Data section.
========

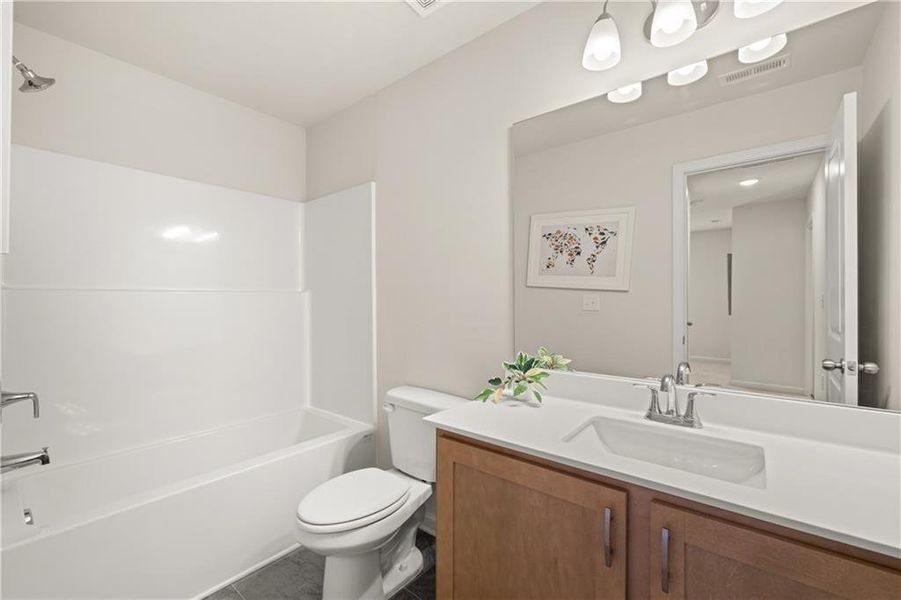 Furnished interior view inside a new home in Barons Court, Ellenwood (Image 17).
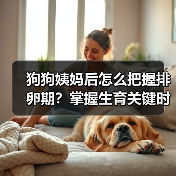 狗狗姨妈后怎么把握排卵期？掌握生育关键时间点（图4）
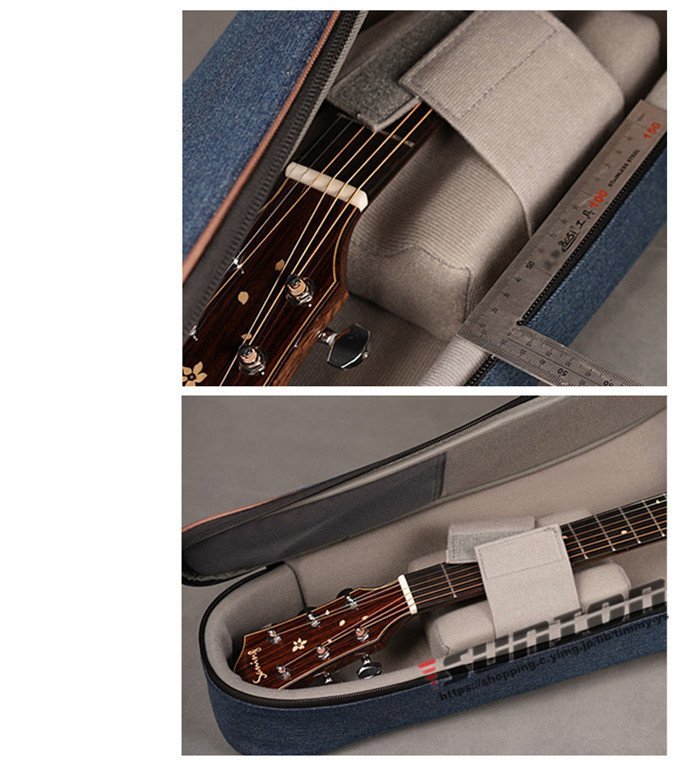  гитара кейс gig сумка akogi кейс полужесткий чехол акустическая гитара кейс 41 дюймовый подушка имеется 2WAYryu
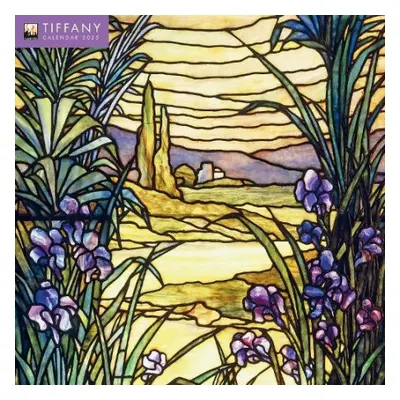 Tiffany Wall Calendar 2025 (Art Calendar)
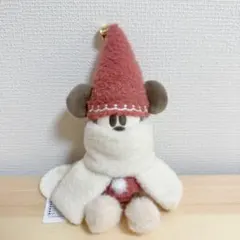 新品・未開封 ディズニー リルリンリン ぬいぐるみバッジ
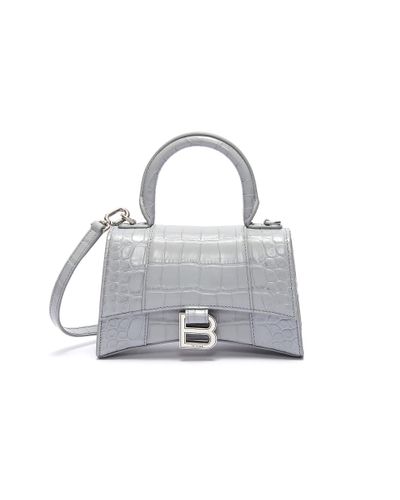 balenciaga hourglass grey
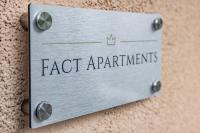 The floor plan of FACT Apartments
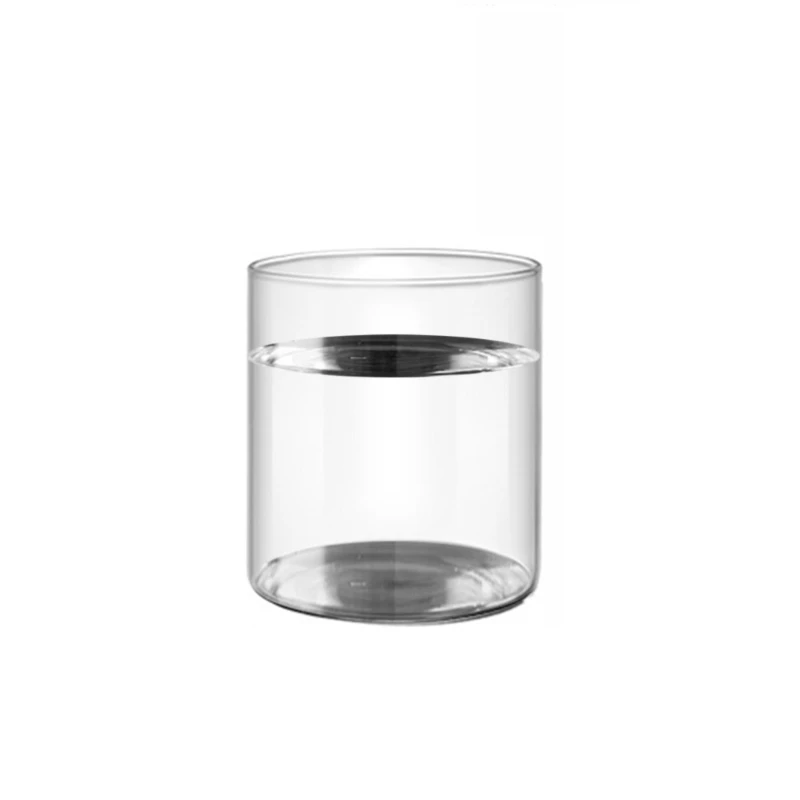 Handcrafts Glass Vase Glass Cylinders Vase Glass Candle Holder Beautiful Pattern for Florals Arrangements and Gifting 2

========

Exercise. A picture must not appear in the copy. Transcribe exactly the lines from the one with "гитара кейс gig" through the final line of the entries, both included, and no more.

Result of the task.
  гитара кейс gig сумка akogi кейс полужесткий чехол акустическая гитара кейс 41 дюймовый подушка имеется 2WAYryu
 Tiffany Wall Calendar 2025 (Art Calendar)
 新品・未開封 ディズニー リルリンリン ぬいぐるみバッジ
 balenciaga hourglass grey
 The floor plan of FACT Apartments
 Handcrafts Glass Vase Glass Cylinders Vase Glass Candle Holder Beautiful Pattern for Florals Arrangements and Gifting 2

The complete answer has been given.